I feel like this post wouldn’t have been written if it had not been for the U.S presidential election. It is something that I never really thought of until 4:30am whilst manically refreshing the BBC website waiting for one of the most historical moments to occur.
I have always identified as female for as long as I have known and I realise that since birth my life has been shaped that way- to be a ‘woman’. I am lucky enough to have a lovely warm home, enough food to eat and access an education, so really I have a lot more than a lot of other women in the world. Some days I do not feel grateful for it, but today I feel more grateful than ever – especially to identify as White British.

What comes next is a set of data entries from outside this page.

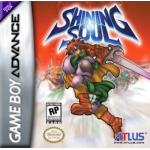 Shining Soul art work – action game for Nintendo Game Boy Advance
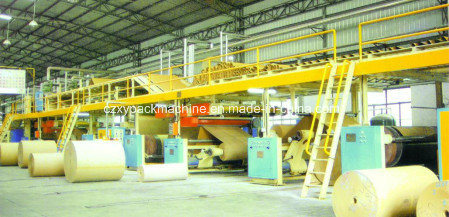 Full Automatic and Hot Sales 1600-5 Layer Corrugator Line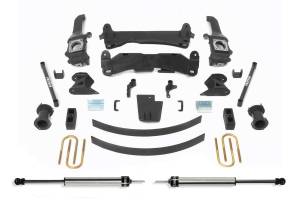 Fabtech - Fabtech K7019DL Basic Lift System w/Shocks - Image 1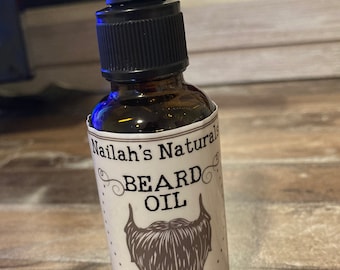 Beard Oil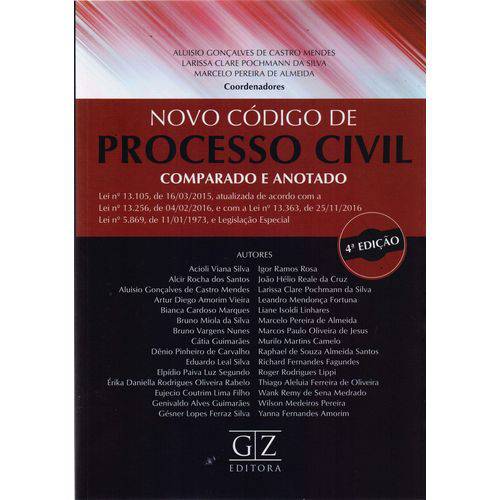 Novo Codigo de Processo Civil - 04ed/17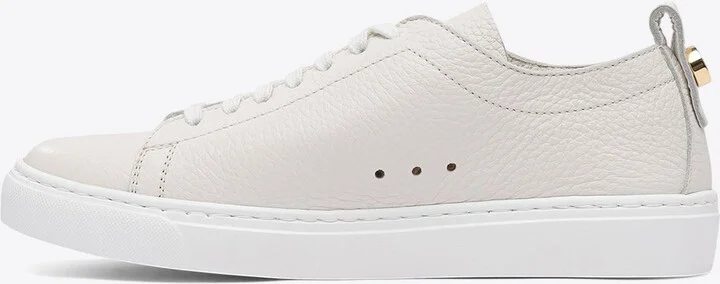Leather Low-Top Sneakers - Image 2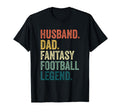Funny Fantasy Football Gift Husband T-Shirt - Casual Everyday Wear Unisex - T-Shirt, Sweatshirt, Hoodie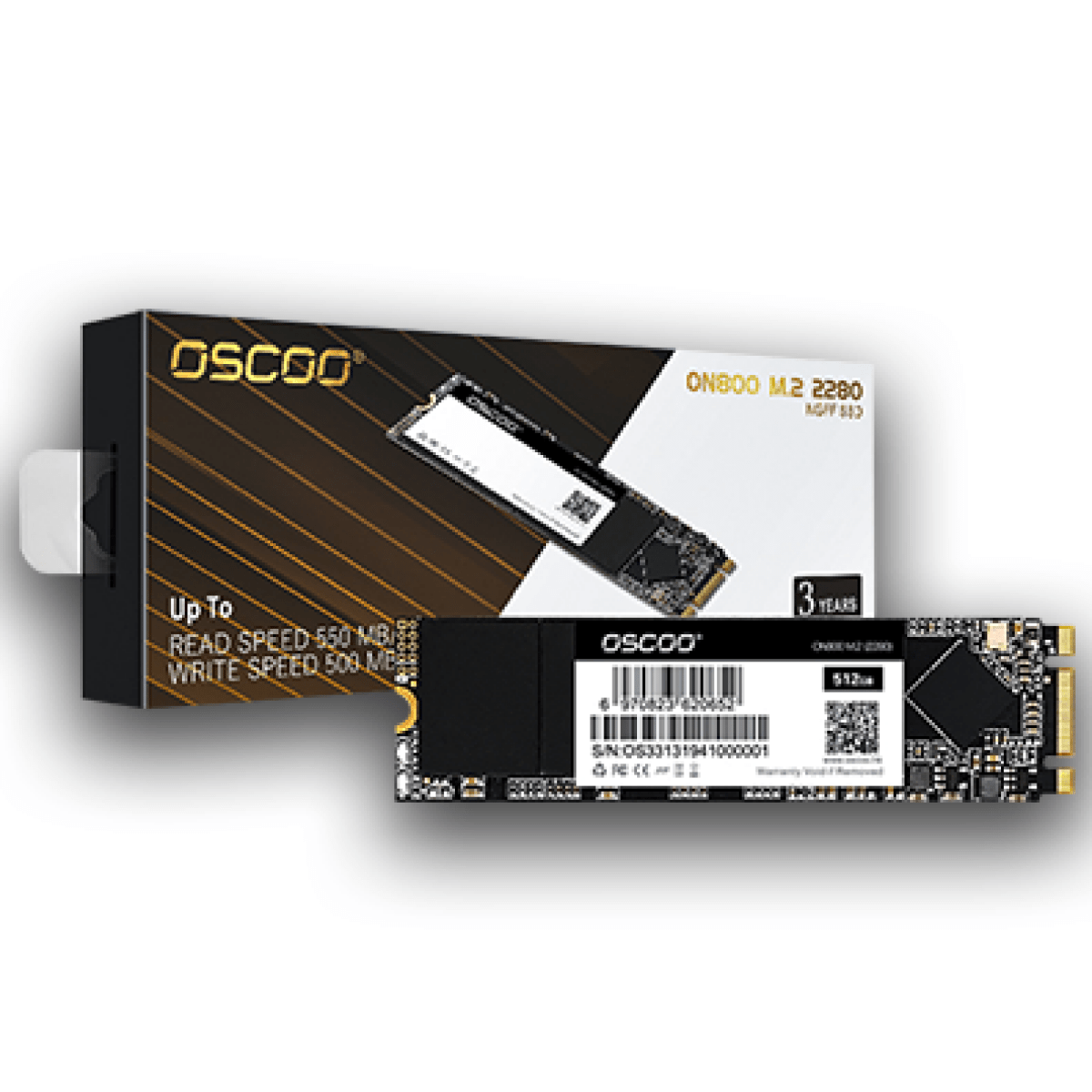 OSCOO-ON800 128GB  M.2 2280 - Image 1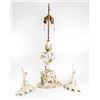 Image 1 : 19th C. Moore Bros. Lamp, 2 Sconces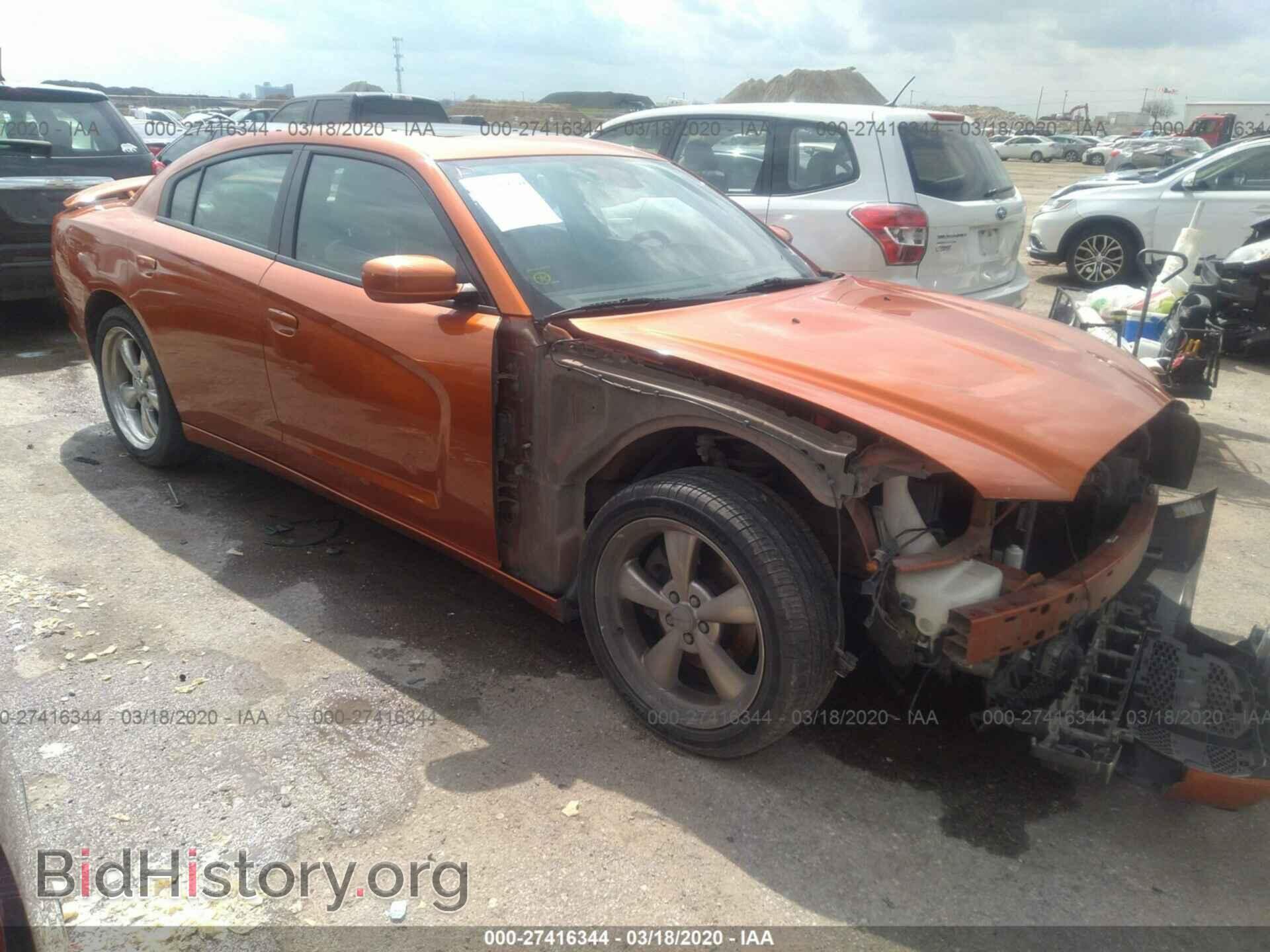 Photo 2B3CL5CT9BH508670 - DODGE CHARGER 2011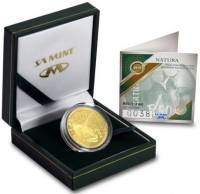 (№2015) Монета Южная Африка 2015 год 50 Rand (Чепрачный шакал)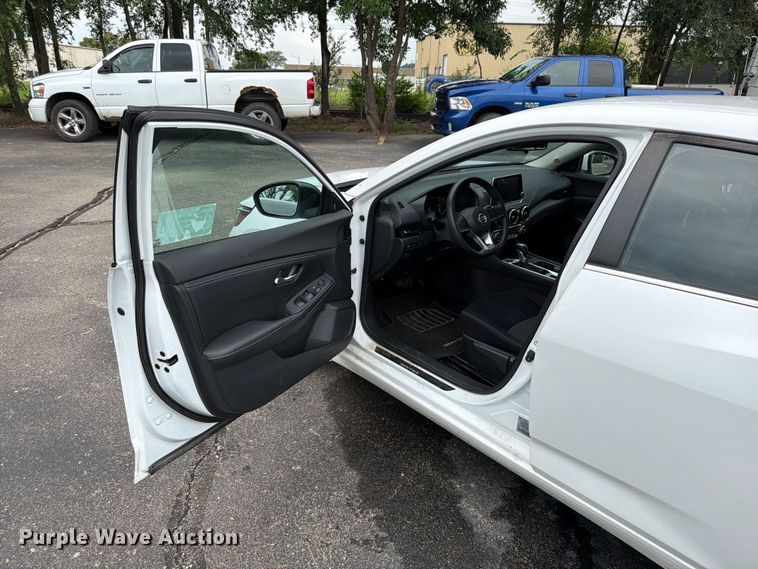 image for item DU8002 2021 Nissan Sentra 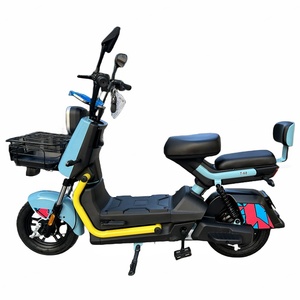 Bicicleta Eléctrica Urbana de Diseño Moderno, 48V 450W, Velocidad 30km/h, Autonomía 40-60km, con Batería de 12Ah 20A - Product Image 3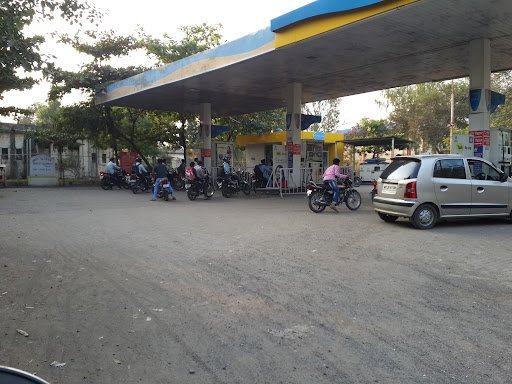 Bharat Petroleum, Petrol Pump -Police Ro -Cidco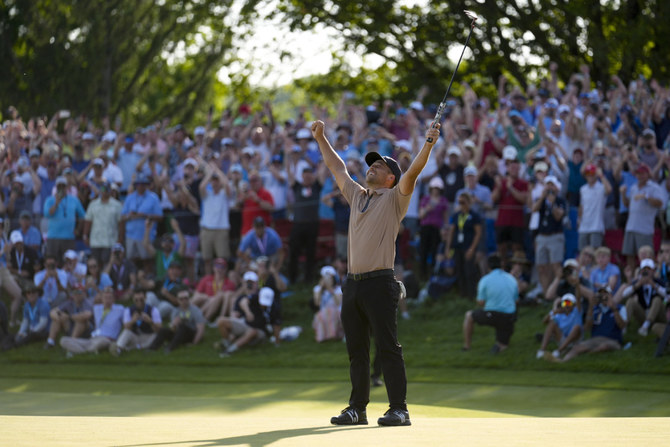 Xander Schauffele scores major breakthrough, wins PGA Championship in a thriller at Valhalla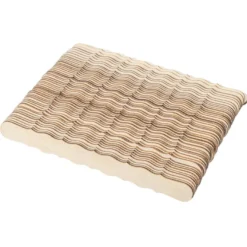 Holzstäbchen, mit Büttenrand, 15cm lang, 1,6cm breit, natur, 50 Stück
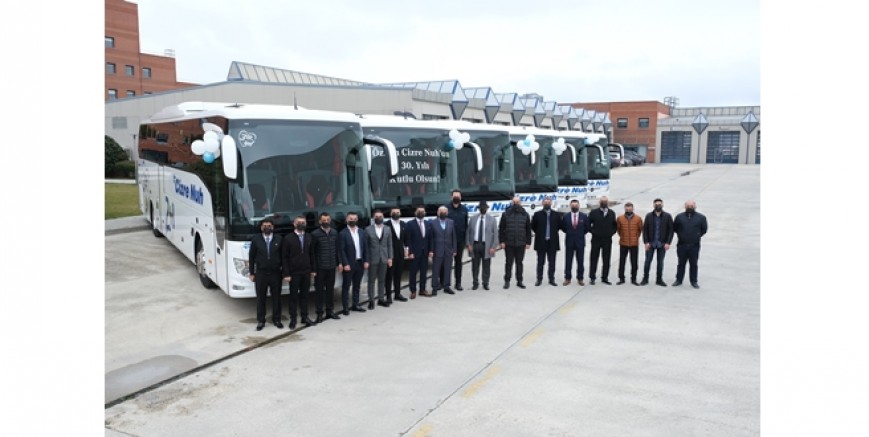 Özlem Cizre Nuh, filosunu Mercedes-Benz Tourismo 16 2+1 ile güçlendirdi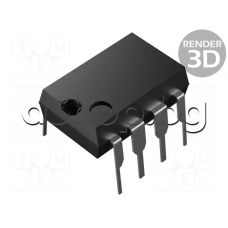 IC ,3-Wire 4k,1kx16 or 2kx8 Bit,I2C-Bus,5V,8-DIP,STM EE93C86N
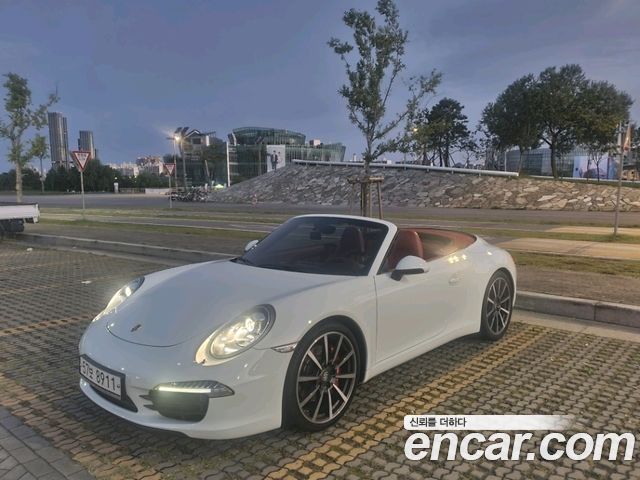 Porsche 911 Carrera S Cabriolet 991 2013 — фото 23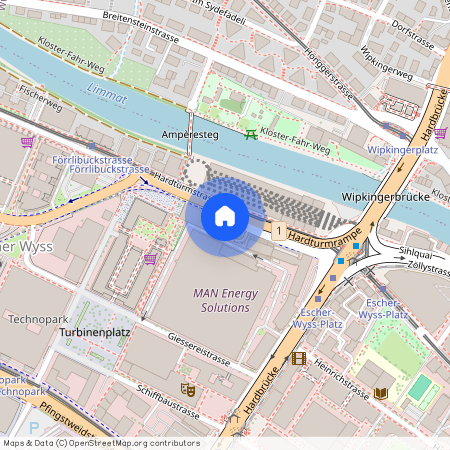 8005, Zürich, Hardturmstrasse, 5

Since a very young age, I was given the old stereotypical toys to play with, dolls, tea sets and the usual Barbie dolls. However, I preferred to play with Lego and build houses and places for my bears and dolls to live in. This was different to what my Grandmother wanted. She always seemed to want me to be a ‘stereotypical girly girl’. She would constantly say to me that I need to learn skills, such as cooking, cleaning and sewing just to keep my future husband happy. I was never into that, I would only sew because I liked making little clothes and items for my toys to have. I was constantly making and changing things, developing my ideas further. I could tell this annoyed and disappointed her. I hated being a young girl because I knew that my future lay looking after people, mainly males, rather than pursuing my dreams.
I then continued through the UK education system. At the age of 11, and starting High School, I needed a new musical instrument to learn. I was adamant that I wanted to learn to play the saxophone. However, I was constantly told it was a Boy’s instrument, why would I want to play that when I could play the flute which was more dainty. I was not interested and continued to play what I wanted. Over time, and much practice, I was able to excel greater than the boys. I was able to play songs that they could not, however there were times I was not chosen to play those parts. I realise now, that it was not because I was a bad player, it was because I was a girl in a majority boy band. I hated being a teenage girl because all those negative comments about my appearance, and lack of feminity would continue throughout my life. Doubting my ability in myself. Doubting whether I would be able to achieve the same as my male peers.
Over the past 13 years, I have constantly felt ‘not girly enough’ or that ‘I should be more girly’ and that maybe ‘boys would like me if I was girlier’. Since then I have realised that I am not that kind of person. Yes I love having new clothes, wearing makeup, having my hair done, you know those stereotypical girl things. BUT I do enjoy boy stereotypical things a bit more, like Superhereos, Comic Books and eating massive dirty burgers. I have finally accepted that I am me, and that is okay. I am an equal to a man, and that is even better.
However, for many people, it seems that they are still in that stereotypical view that women are incapable. They are not able to achieve anything and are pushed to the side. People would rather have a misogynistic, abusing, racist and rapist male for president than a very qualified woman and that is very scary. So as a young adult, it has finally made me realise why I hate being a woman, and see the world for what it is …
I hate being a woman, because I know no matter what education I have, no matter how qualified I am for a job, a man is likely to get the job.
I hate being a woman, because you are still seen in some cultures to be a bad mother when you go back to work.
I hate being a woman, because no matter what happens we will never be equal to men, because of the society we live in.
I hate being a woman, because for everything we want to achieve we have to fight.
I hate being a woman, because I will never be considered as valuable to a man.
Life is not easy for a woman, but like any woman I am not willing to give up. If we unite together, and try to break down the stereotypes and remove all the evil misogyny in the world, maybe we will have a chance.
Really I do not hate being a woman. I hate the misogyny and hatred in the world.